# Task inputs
******
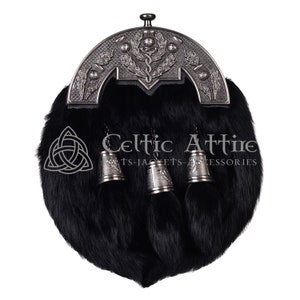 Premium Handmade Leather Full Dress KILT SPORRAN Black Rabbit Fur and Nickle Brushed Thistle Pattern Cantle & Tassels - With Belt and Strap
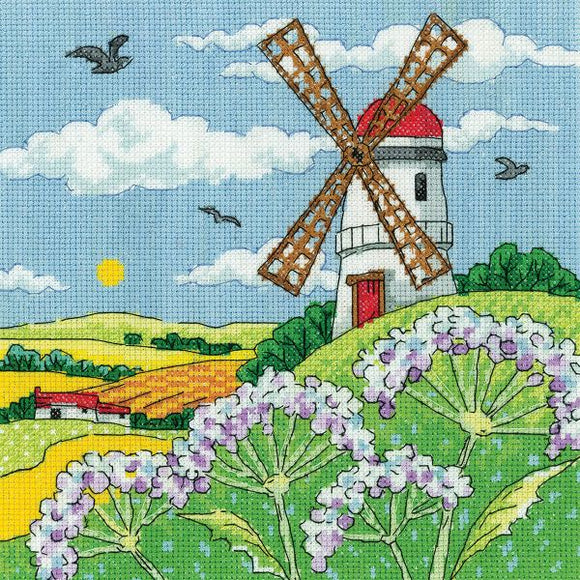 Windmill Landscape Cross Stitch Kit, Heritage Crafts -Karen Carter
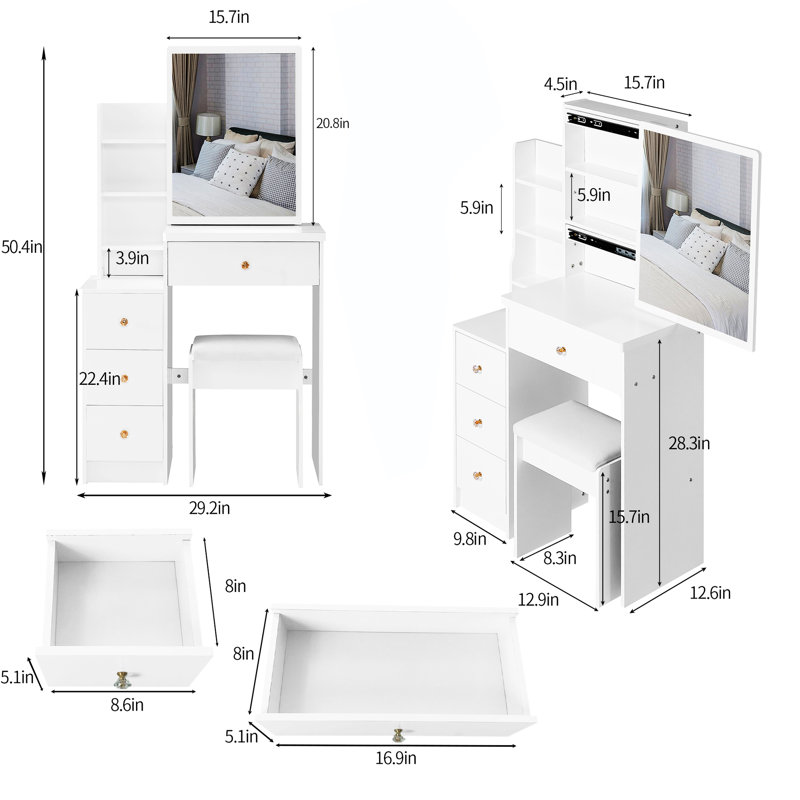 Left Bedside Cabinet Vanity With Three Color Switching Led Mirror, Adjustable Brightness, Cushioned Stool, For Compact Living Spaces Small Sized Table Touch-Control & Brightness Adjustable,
******
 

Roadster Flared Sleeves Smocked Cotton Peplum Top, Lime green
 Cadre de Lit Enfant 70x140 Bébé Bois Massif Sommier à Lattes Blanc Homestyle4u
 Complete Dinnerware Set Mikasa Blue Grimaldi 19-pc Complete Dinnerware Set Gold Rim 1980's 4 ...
******
# Task instructions
Write out exactly the run of lines above that starts at the line containing "Premium Handmade Leather" and ends at the line containing "Left Bedside Cabinet". Include both, and leave the pictures out.

# Exercise answer
 Premium Handmade Leather Full Dress KILT SPORRAN Black Rabbit Fur and Nickle Brushed Thistle Pattern Cantle & Tassels - With Belt and Strap
 Windmill Landscape Cross Stitch Kit, Heritage Crafts -Karen Carter
 Left Bedside Cabinet Vanity With Three Color Switching Led Mirror, Adjustable Brightness, Cushioned Stool, For Compact Living Spaces Small Sized Table Touch-Control & Brightness Adjustable,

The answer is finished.